Ultimately, Spotlight hinges on institutional secret-keeping. The conscious and legally-binding effort of the Church is paired with a less mindful yet equally damaging cover-up exercised by the entire community. The audience searches for a scapegoat to blame for allowing this story of mass abuse to fall under the radar. The questionable reliability of the charity campaigner is proved to be legitimate; the glib, corporate, and seemingly uncooperative lawyer in fact attempted to expose the abuse years earlier.

It is a sad moment when Robby, the man tasked with exposing the story and the audience’s friend throughout the film, admits that he, too, must bear some responsibility for participating in the culture of silence. Robby is the everyman of Boston: when he accepts his role in the scandal, so must the city. Boston is described as the “biggest small town in America”: skeletons in closets are common knowledge. It took an outsider, the out-of-towner Marty Baron (played by Liev Schreiber), to pierce through the thick skin of self-denial and tear out the scandal lurking underneath.

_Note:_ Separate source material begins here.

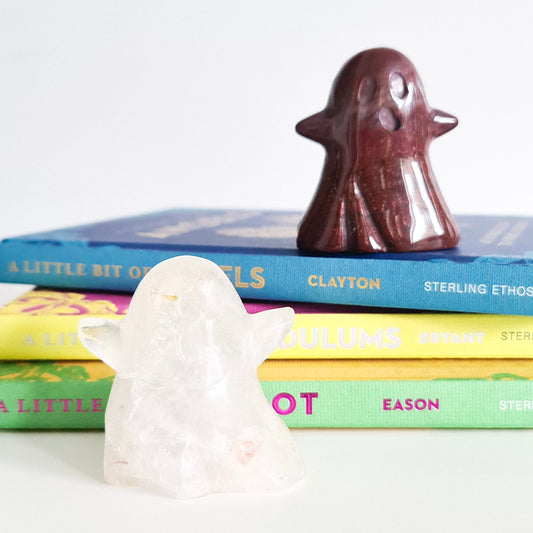 A photo of two small ghosts made of clear quartz and red ocean jasper, sitting on a stack of books. One ghost is made of clear quartz, a transparent mineral with a slight white tint, while the other ghost is made of red ocean jasper, a red and brown banded mineral. Both ghosts have simple facial features, with small, round eyes and a open mouth.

The initial estimate of thirteen abusive priests in the Boston area was shocking enough; it is a stomach-turning moment when an expert reveals that a more accurate estimate would be closer to ninety. The range of reactions found within the Spotlight team – the sympathetic ear of Rachel McAdams’s Sacha Pfeiffer, the bumbling anger of Brian d’Arcy James’s Matt Carroll – make this film an exploration of civilisation pushed to its limits. Visually, this film is inherently unglamorous: the HQ of the operation is in a grey, basement office, filled with off-white shirts, limp plants and dirty mugs. Perhaps that explains the distinct lack of successful journalistic thrillers since 1976’s All the President’s Men, depicting the exposure of the Watergate conspiracy. Despite the unremarkable setting, Spotlight tells a gripping story: it has stomach-turning bombshells, truly moving struggles and a satisfying reassurance of the power of a free press.